The R7 portal ensures that Brazilian parliamentarians are also evaluating the possibility of lowering hours without a salary reduction, through an agreement between employees and employers.
Both proposals must be on the parliamentary discussion agenda in the 2024 legislative year, which begins on February 1.
In the world, the country with the highest average weekly workload is Bhutan, with 54.4 hours per week, more than nine hours a day, six days a week.
The lowest average is in Vanuatu, in Oceania, which has an average working week of 24.7 hours, just over four hours, if a six-day work week is considered.
Authored by Senator Weverton Rocha, the Bill (PEC) once again gained prominence after national companies joined an international experiment that tests the model of four days of work per week.
In this case, the challenge is to reduce the burden on employees and maintain productivity. The companies that joined the tests received training, conferences, organizational diagnosis of the teams and individualized monitoring.
Approved by the Senate Social Affairs Commission, the text seeks to set the interval available for negotiation between employer, employee and union at 14 hours per week, through collective agreements.
Such negotiation is conditional on the preservation of current salaries. In this way, the total hours worked could be adjusted to up to 30 hours per week.
As there was a resource for the examination in plenary, now the content will be voted on by all senators. If approved, it goes to the Chamber of Deputies.
The PEC that reduces the maximum workload to 36 hours per week was presented 25 years ago by the then deputy Paulo Paim, currently a senator.

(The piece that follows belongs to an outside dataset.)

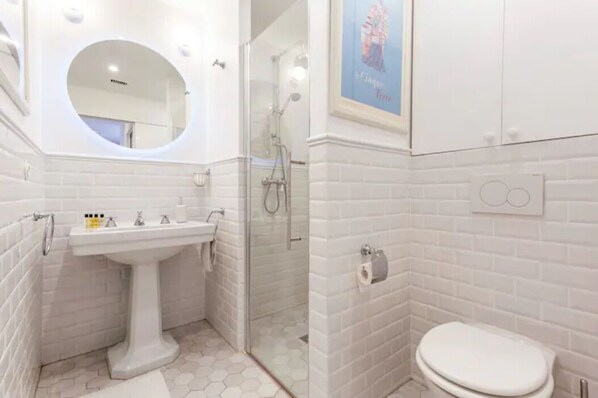 Un baño con lavamanos, espejo, inodoro y ducha.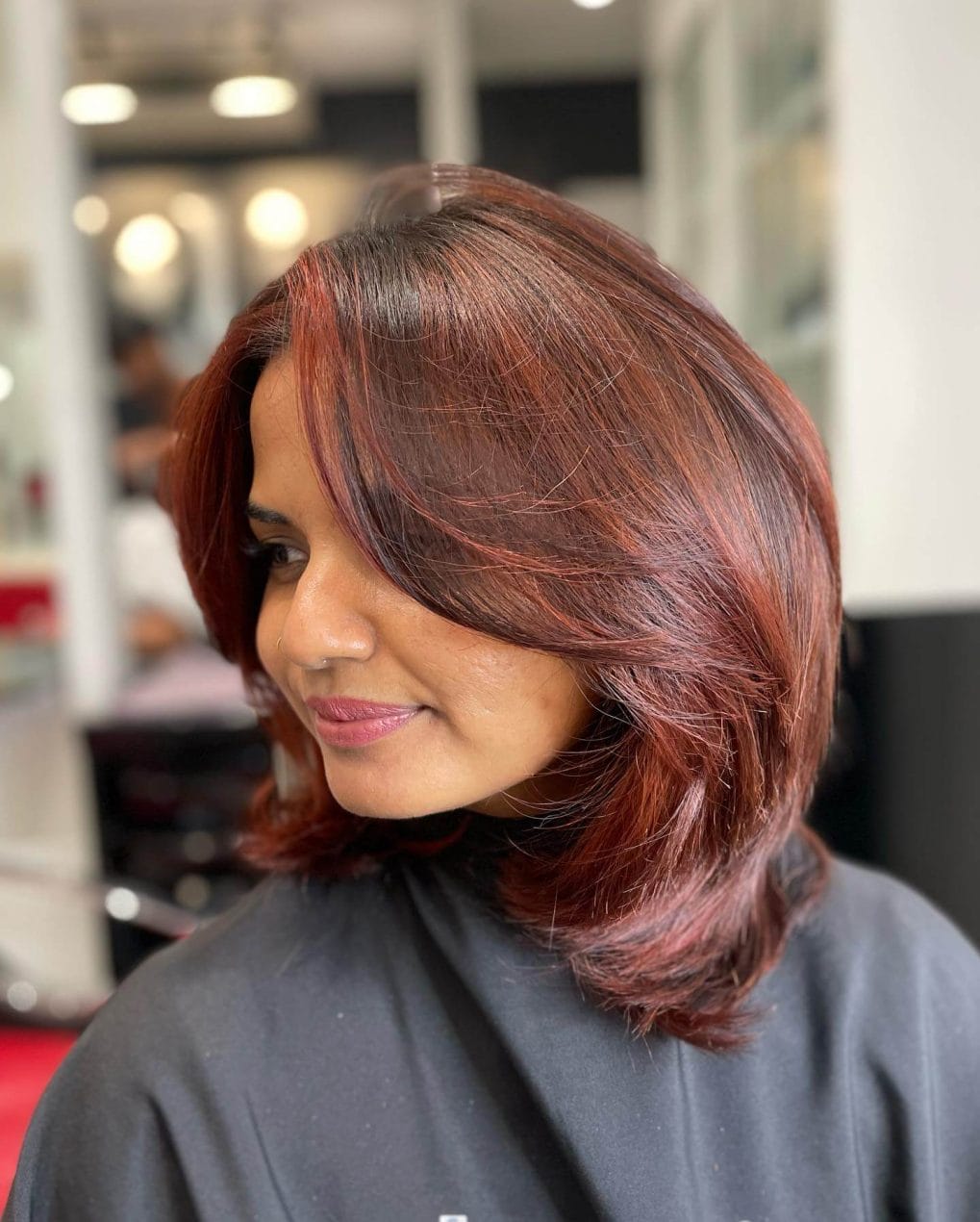 Auburn shoulder-length hair with side-swept fringe and soft waves.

Another proposal is pending in the lower house, presented by legislator Reginaldo Lopes in 2019.
The two texts provide that the Constitution would be modified to reduce the working day without reduction of salary.

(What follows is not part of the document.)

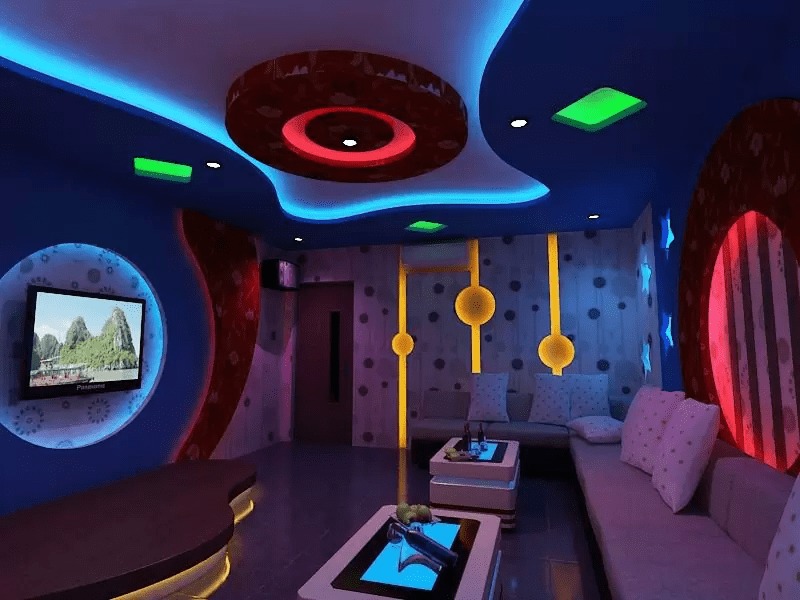 mot-so-luu-y-khi-thi-cong-vach-va-tran-thach-cao-cho-phong-karaoke Phòng karaoke hiện đại với ánh sáng neon rực rỡ và màn hình TV lớn trên tường.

Unlike the project that is in the Senate, the Deputies’ version imposes a period of 10 years for the novelty to be put into practice.
The proposals are supported by a study by the Inter-Union Department of Statistics and Socioeconomic Studies, which states that reducing the working day to 40 hours a week would generate more than three million new jobs.
Secondly, with the reduction to 36 hours per week, approximately six million jobs would be created, according to the research.